Summary: It doesn’t matter what we know or how much we know, unless we have an intimate knowledge of Jesus Christ we are nothing and have nothing. Paul shows us how to gain an intimate knowledge of Christ.

Christ Our Goal

Reading - Philippians 3: 1-14


When a little boy fell out of bed and his mother asked him how it happened, he replied, “I stayed too near where I got in.” For many Christians they conduct their lives in the same way. They become satisfied that their sins are forgiven and they become satisfied that there is a place for them in heaven. In other words, they stay near “where they got in” and as a result they experience spiritual boredom and ineffective lives.

Paul the Apostle to the Gentiles could never be accused of settling for where he got in. His life was revolutionized through getting to know Christ. Paul believed that the greatest thing that ever happened to him was getting to know Jesus Christ. He said to the Philippian believers, “I count all things but loss for the excellency of the knowledge of Christ Jesus my Lord” (v.8).

Knowledge is a tremendous asset to have. Without knowledge we wouldn’t be able to accomplish much. But too much knowledge can be a dangerous thing, especially if our knowledge is grounded in the wrong areas.


A young university graduate crossed a large river on a barge.
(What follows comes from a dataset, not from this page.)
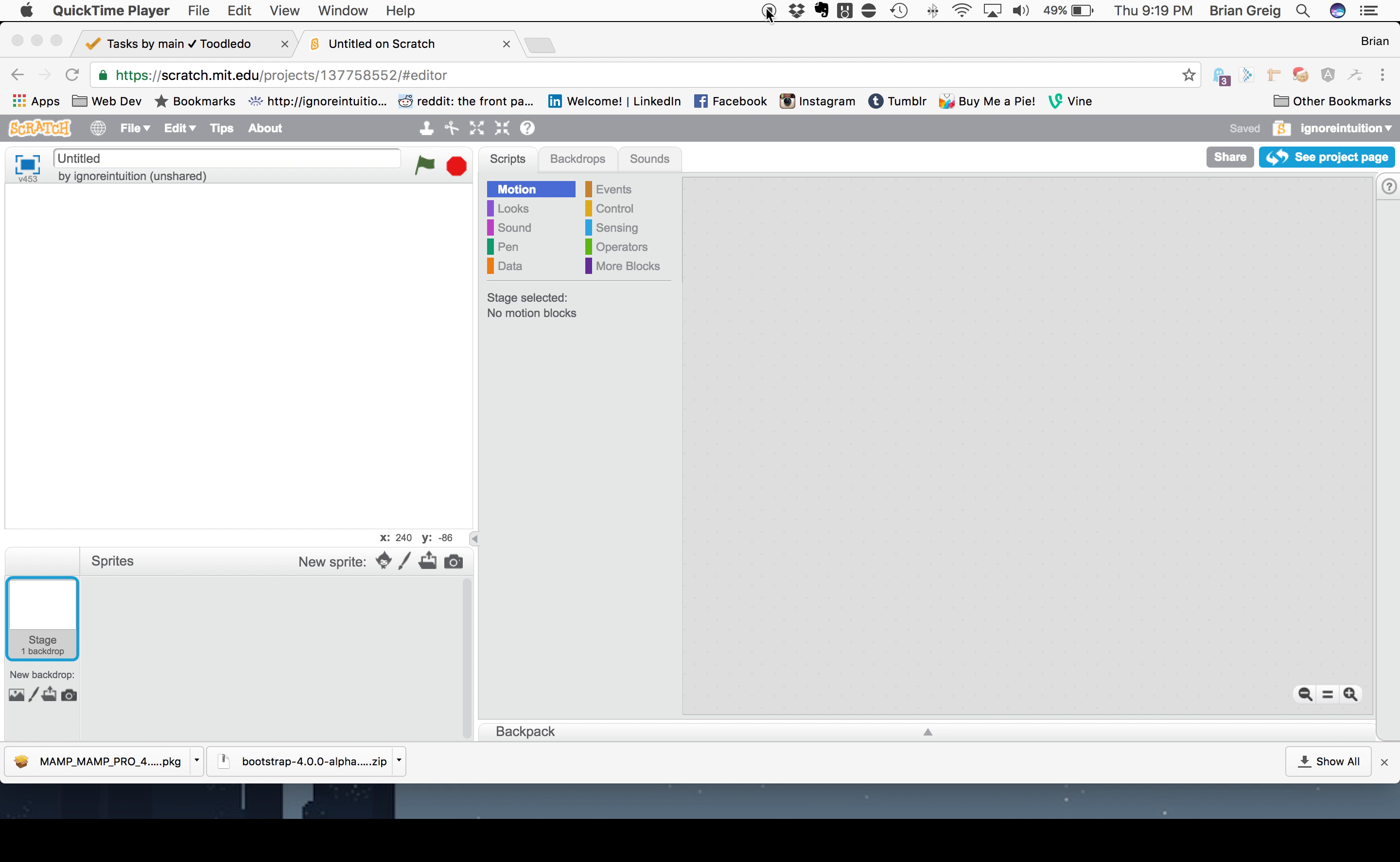Hi, welcome back. This is Brian Gregg returning for another screencast on programming for beginners. This is part two in which we're going to be talking about some new topics.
An elderly, worn, gentleman was driving the barge. The university student asked the old man three questions: 1) “Do you know anything about physics?” “Nope”, replied the old man.
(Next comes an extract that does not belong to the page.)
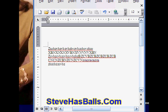For the download link for this free program, please visit our website at www.stevehasballs.com.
“Then 1/3 of your life has been wasted!” 2) “Do you know anything about philosophy?”

“Nope”, replied the old man. “Then another 1/3 of your life has been wasted!” 3) “Do you know anything about social sciences?” “Nope”, replied the old man. “Then another 1/3 of your life has been wasted!” Suddenly, the barge hit a large object, took on water rapidly, and overturned. Both men were thrown into the water. The old man cried out to the young student, “Do you know anything about swimming?” The young man replied “No.” “Then your whole life is wasted!” replied the old man.
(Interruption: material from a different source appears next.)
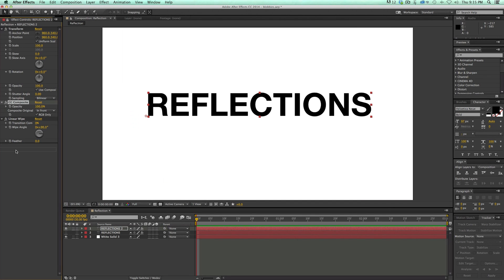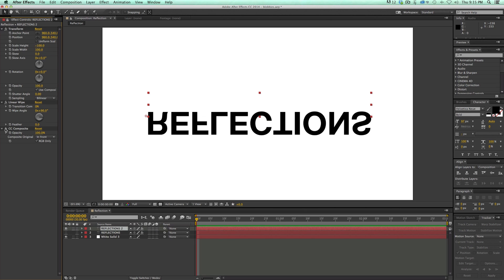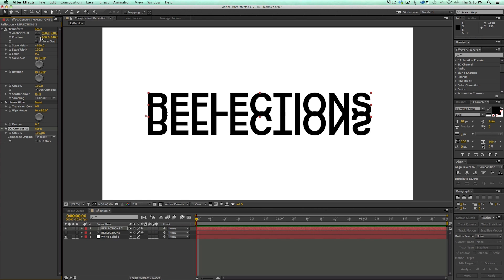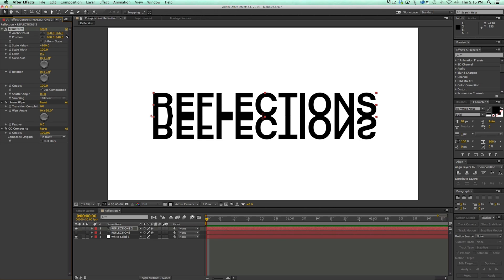We actually want the CC Composite at the bottom. First let's hide the composite so we can see what's going on. Go to Scale, uncheck Uniform Scale, and on the height set it to negative 100. Then turn back on CC Composite, uncheck RGB Only, and take the anchor point and bring it down to just right at the bottom, then take the opacity down.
We may have a tremendous amount of knowledge, but without a knowledge of Jesus Christ, we are nothing (cf: John 20:31).

If anyone knew what he was talking about, it was Paul. He had tremendous credentials (vv.4-6). He had a background which pointed to him being the “cream of the crop” in the Jewish world. He had everything a Jew could wish for, but on the road to Damascus Paul found something far better – Jesus Christ.

When Paul came to know Jesus Christ, he received:

1) A New Perspective – “..he counted all things but loss..” (Phil. 3:8)

Although Paul had a great reputation, a tremendous Jewish heritage and high religious achievements he counted “all things but loss” (v.8). He measured all these things against what Jesus Christ had to offer and considered them to be “rubbish”. All of his achievements were actually a hindrance to gaining a knowledge of Jesus Christ. Some would have thought Paul to be a fool but someone else once said, “He is no fool to give up what he cannot keep, to gain what he cannot lose”. Paul lost his religion and reputation, but he gained far more than he lost. His life was now governed by eternal values instead of temporal values.

2) A New Position - “..and be found in him..” (Phil. 3:9; cf: 2 Cor. 5:17))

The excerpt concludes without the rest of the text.